### WHAT IS BEING ASKED
For the listing below, the answer is an exact retyping of the lines from the one with "23 DVD Kinder" through the one with "Sự thật được", both included, without pictures.

### INPUT RECORDS
Content starts
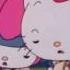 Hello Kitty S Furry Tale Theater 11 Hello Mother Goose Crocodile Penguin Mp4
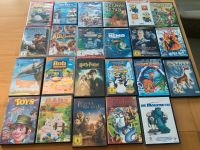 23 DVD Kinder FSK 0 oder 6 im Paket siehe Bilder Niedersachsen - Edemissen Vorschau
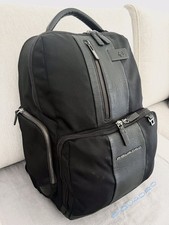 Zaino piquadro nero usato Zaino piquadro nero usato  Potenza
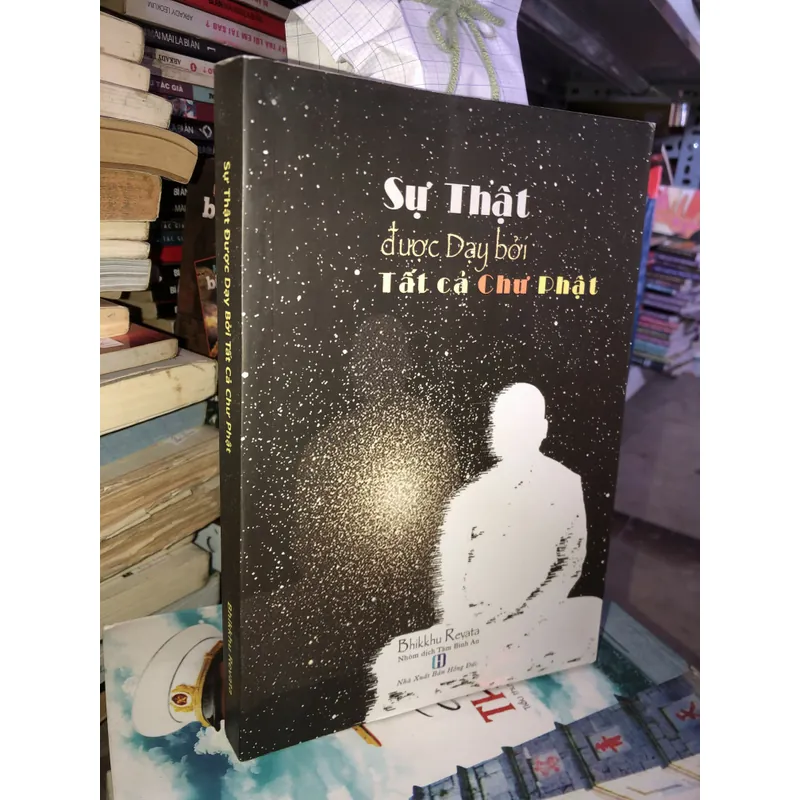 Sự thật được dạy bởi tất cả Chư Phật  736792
Content ends
Content starts
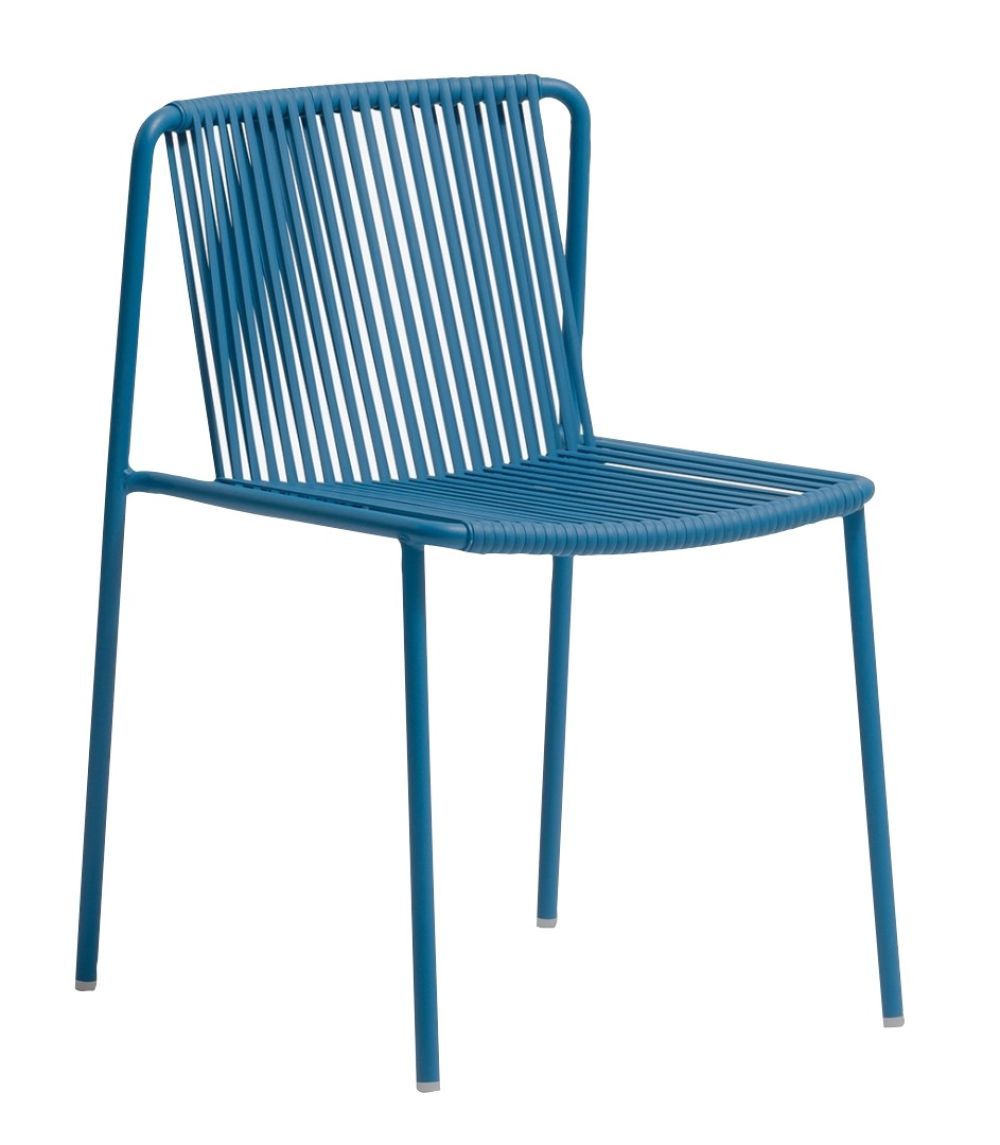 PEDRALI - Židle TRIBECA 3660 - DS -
Content ends
### SOLVED EXERCISE
 23 DVD Kinder FSK 0 oder 6 im Paket siehe Bilder Niedersachsen - Edemissen Vorschau
 Zaino piquadro nero usato Zaino piquadro nero usato  Potenza
 Sự thật được dạy bởi tất cả Chư Phật  736792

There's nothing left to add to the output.